Richard Hearn checks out some modern toys


Now we’re into January, I’ve had a few weeks to properly analyse the new Christmas toys and can make my report on what’s changed, and what hasn’t. Brighton pulls up a chair, and says hold all calls. I can hear one of the toys now, or rather three of them. They’re called HexBugs, and are tiny colourful cockroaches, whose legs shiver from battery power, scuttling around and changing direction as if they have a purpose. The Boy has a small track/cage for them involving heptagonal rooms and pathways between. Christmas Day saw three children – The Boy, Youngest™ and their cousin – crouched over these electronic cockroaches for entertainment, which sounds almost Dickensian, if you take out the word ‘electronic‘.

“There is something hypnotic about watching them”

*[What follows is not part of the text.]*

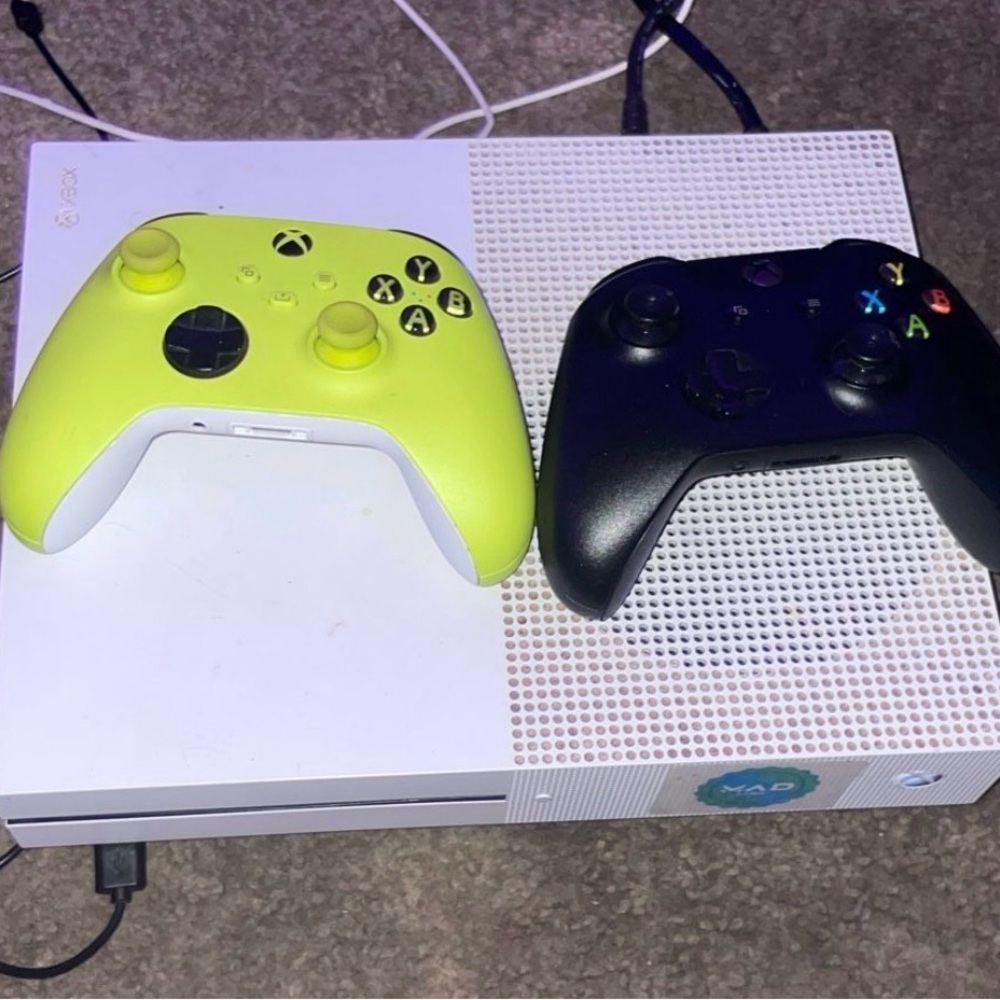 Microsoft Console with White, Yellow, and Black Controllers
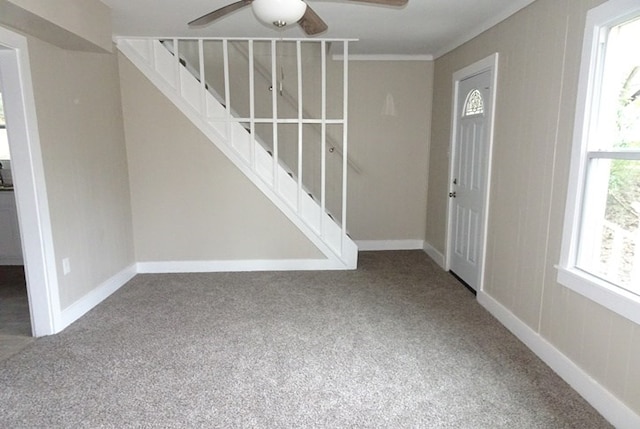 foyer with carpet, baseboards, and stairs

If you’re an adult, they probably sound pointless. There is something hypnotic about watching them, though. A bit like an aquarium. You just watch, and wait for one to take a particular route. The urge to suggest a bet is overpowering. ‘I’ll lay a fiver that the blue one will be the first to escape’. (Memo to self: Betting for children. Idea for new column?)
Technology getting smaller probably made this toy possible. Perhaps 30 years ago there was a prototype, not cockroaches – the circuitry wasn’t small enough – but instead rhinoceroses powered by watch batteries, crashing around children’s ‘70’s living rooms until the power ran out. Instantly, of course, as a rhinoceros takes a lot of power. The craze therefore never took off (or more probably, I’ve just made it up. For a moment there, you thought you’d been short-changed back in 1978, with your Action Man with eagle eyes.)

Back to those HexBugs. The nearest comparison I could think of from my youth is Scalextric. Repetitive movement around a track. Except you don’t control HexBugs, you merely watch. Oh and there’s not the smell of burning that there was with Scalextric, which is God’s (or Hornby’s) way of saying your red mini was going too fast.

They’ve taken away some of the choices in another toy, too: Lego. You buy Lego now to make one thing. Quite a complicated, specific thing, following the step-by-step instructions. In my day, you got a heap of various bricks in primary colours (plus black and white), with a few suggestions: a plane, a car, a grandfather clock, a bungalow. I kind of miss this, although I imagine a kid of today would consider this a bit mean, with all the work to do. Like giving someone a big bag of atoms and suggesting you try making ‘life itself’.

So my non-scientific assessment based on a very small sample of toys is this: they’re now more impressive to look at, hypnotic even, but with less choice involved. Oh, and less smell of burning.